## Provided records
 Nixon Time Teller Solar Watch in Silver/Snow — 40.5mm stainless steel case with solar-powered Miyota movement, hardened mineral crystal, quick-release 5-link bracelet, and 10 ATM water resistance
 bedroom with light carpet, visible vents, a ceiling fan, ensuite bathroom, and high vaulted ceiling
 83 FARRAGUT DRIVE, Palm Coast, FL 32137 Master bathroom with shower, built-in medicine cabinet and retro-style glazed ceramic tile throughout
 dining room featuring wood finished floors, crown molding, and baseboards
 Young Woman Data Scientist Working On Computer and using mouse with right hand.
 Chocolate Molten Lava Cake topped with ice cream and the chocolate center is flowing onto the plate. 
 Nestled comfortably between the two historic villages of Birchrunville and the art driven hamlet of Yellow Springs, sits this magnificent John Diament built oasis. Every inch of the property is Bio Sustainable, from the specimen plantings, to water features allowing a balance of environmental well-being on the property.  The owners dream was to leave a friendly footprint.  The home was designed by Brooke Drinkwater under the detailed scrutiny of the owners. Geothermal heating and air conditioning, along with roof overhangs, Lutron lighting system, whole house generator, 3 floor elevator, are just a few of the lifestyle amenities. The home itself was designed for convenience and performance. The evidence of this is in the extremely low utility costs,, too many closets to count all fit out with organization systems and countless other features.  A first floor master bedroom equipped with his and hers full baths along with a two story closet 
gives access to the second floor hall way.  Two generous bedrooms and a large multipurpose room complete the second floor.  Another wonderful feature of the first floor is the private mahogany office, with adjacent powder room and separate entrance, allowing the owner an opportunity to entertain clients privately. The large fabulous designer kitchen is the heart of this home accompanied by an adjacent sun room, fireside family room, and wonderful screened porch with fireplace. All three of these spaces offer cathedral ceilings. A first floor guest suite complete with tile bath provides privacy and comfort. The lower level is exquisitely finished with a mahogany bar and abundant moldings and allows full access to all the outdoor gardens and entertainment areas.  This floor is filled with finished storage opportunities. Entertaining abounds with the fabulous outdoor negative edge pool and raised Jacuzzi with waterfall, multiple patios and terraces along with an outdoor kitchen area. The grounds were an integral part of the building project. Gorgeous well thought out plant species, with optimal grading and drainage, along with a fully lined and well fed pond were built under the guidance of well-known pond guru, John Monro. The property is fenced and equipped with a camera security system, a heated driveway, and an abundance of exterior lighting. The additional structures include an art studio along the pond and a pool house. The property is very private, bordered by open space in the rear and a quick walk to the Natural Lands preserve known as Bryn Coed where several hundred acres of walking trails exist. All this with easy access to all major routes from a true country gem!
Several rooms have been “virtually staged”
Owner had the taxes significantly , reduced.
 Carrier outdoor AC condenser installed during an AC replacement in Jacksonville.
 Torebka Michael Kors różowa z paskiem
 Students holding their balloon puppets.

## About this exercise
Each line of the listing must be transcribed precisely as it appears.

## Solution
 Nixon Time Teller Solar Watch in Silver/Snow — 40.5mm stainless steel case with solar-powered Miyota movement, hardened mineral crystal, quick-release 5-link bracelet, and 10 ATM water resistance
 bedroom with light carpet, visible vents, a ceiling fan, ensuite bathroom, and high vaulted ceiling
 83 FARRAGUT DRIVE, Palm Coast, FL 32137 Master bathroom with shower, built-in medicine cabinet and retro-style glazed ceramic tile throughout
 dining room featuring wood finished floors, crown molding, and baseboards
 Young Woman Data Scientist Working On Computer and using mouse with right hand.
 Chocolate Molten Lava Cake topped with ice cream and the chocolate center is flowing onto the plate. 
 Nestled comfortably between the two historic villages of Birchrunville and the art driven hamlet of Yellow Springs, sits this magnificent John Diament built oasis. Every inch of the property is Bio Sustainable, from the specimen plantings, to water features allowing a balance of environmental well-being on the property.  The owners dream was to leave a friendly footprint.  The home was designed by Brooke Drinkwater under the detailed scrutiny of the owners. Geothermal heating and air conditioning, along with roof overhangs, Lutron lighting system, whole house generator, 3 floor elevator, are just a few of the lifestyle amenities. The home itself was designed for convenience and performance. The evidence of this is in the extremely low utility costs,, too many closets to count all fit out with organization systems and countless other features.  A first floor master bedroom equipped with his and hers full baths along with a two story closet 
gives access to the second floor hall way.  Two generous bedrooms and a large multipurpose room complete the second floor.  Another wonderful feature of the first floor is the private mahogany office, with adjacent powder room and separate entrance, allowing the owner an opportunity to entertain clients privately. The large fabulous designer kitchen is the heart of this home accompanied by an adjacent sun room, fireside family room, and wonderful screened porch with fireplace. All three of these spaces offer cathedral ceilings. A first floor guest suite complete with tile bath provides privacy and comfort. The lower level is exquisitely finished with a mahogany bar and abundant moldings and allows full access to all the outdoor gardens and entertainment areas.  This floor is filled with finished storage opportunities. Entertaining abounds with the fabulous outdoor negative edge pool and raised Jacuzzi with waterfall, multiple patios and terraces along with an outdoor kitchen area. The grounds were an integral part of the building project. Gorgeous well thought out plant species, with optimal grading and drainage, along with a fully lined and well fed pond were built under the guidance of well-known pond guru, John Monro. The property is fenced and equipped with a camera security system, a heated driveway, and an abundance of exterior lighting. The additional structures include an art studio along the pond and a pool house. The property is very private, bordered by open space in the rear and a quick walk to the Natural Lands preserve known as Bryn Coed where several hundred acres of walking trails exist. All this with easy access to all major routes from a true country gem!
Several rooms have been “virtually staged”
Owner had the taxes significantly , reduced.
 Carrier outdoor AC condenser installed during an AC replacement in Jacksonville.
 Torebka Michael Kors różowa z paskiem
 Students holding their balloon puppets.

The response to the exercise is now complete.